E no Brasil nós temos também uma legislação que define a obrigatoriedade da cota de gênero. Ou seja, 30% das candidaturas tem que ser de mulheres. Então, óbvio que o número de candidatas mulheres aumentou, porque aumentou o número de candidaturas de forma geral.

Para que tenhamos uma ideia, em 2016, 32% dos candidatos eram mulheres. Nessas eleições de 2020, 34% são mulheres. Ou seja, não houve uma mudança significativa. Em relação à disputa pelas prefeituras, aí a realidade é bastante diferente.

Dos candidatos que concorrem, 2.495 são mulheres, contra 16.628 homens. Ou seja, há uma participação de candidaturas femininas nas prefeituras de somente 13%, muito próximo ao que foi as candidaturas em 2016.

Ou seja, isso mostra claramente que a legislação determina uma condição muito importante para as mulheres. A legislação pode ser favorável ou contrária ao avanço e à presença das mulheres nos espaços de poder. A legislação que determina a cota e a reserva de vagas é de 1995. Mas de lá para cá a presença de mulheres no parlamento aumentou muito pouco. Porque não basta cota para concorrer, é preciso condições iguais, efetivas.

Em 2018 nós já conseguimos estabelecer o critério de que os recursos do financiamento eleitoral e o acesso á propaganda eleitoral devem ser distribuídos de igual forma entre homens e mulheres. E isso fez a diferença em 2018. E eu não tenho dúvida que fará a diferença agora em 2020.

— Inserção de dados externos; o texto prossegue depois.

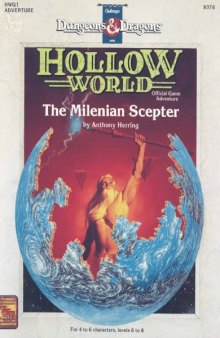 The Milenian Scepter Hwq1 Adventure (Hollow World, Dungeons and Dragons Game)
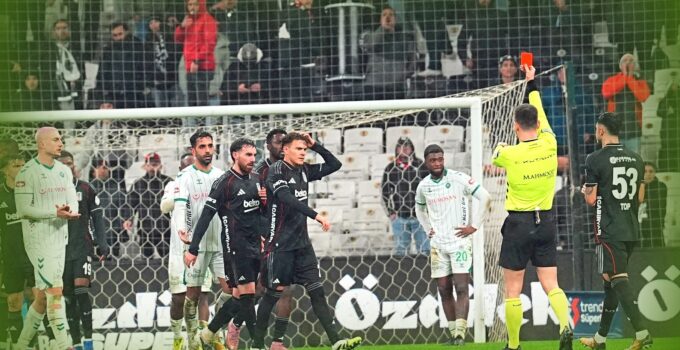 Konyaspor’a PFDK’dan 63 Bin TL ceza!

Entretanto, ainda será um avanço muito pequeno em relação às necessidades. Hoje no Brasil só 15% das cadeiras da Câmara de Deputados são ocupadas por mulheres. 13% nas câmaras de vereadores. 11% nas prefeituras municipais. Ou seja, é essa a realidade que nós temos que modificar.

E essa realidade só será modificada com muita luta das mulheres e com o apoio e a participação fundamental dos homens também. De todos e todas que entendem que democracia só é possível quando todos os segmentos da sociedade estão inseridos nos espaços de poder.

Um país, onde mais da metade da população é excluída dos espaços de poder, não pode ser classificado como um país democrático.

As formas para ampliar essa participação existem e já foram praticadas em vários países que saíram de percentuais de 10% para 30 ou 40%. E é isso que nós precisamos fazer aqui, uma reforma política radical. E não essas reformas políticas de faz de conta que o parlamento machista e misógino tem aprovado nos últimos anos. Portanto, a luta continua.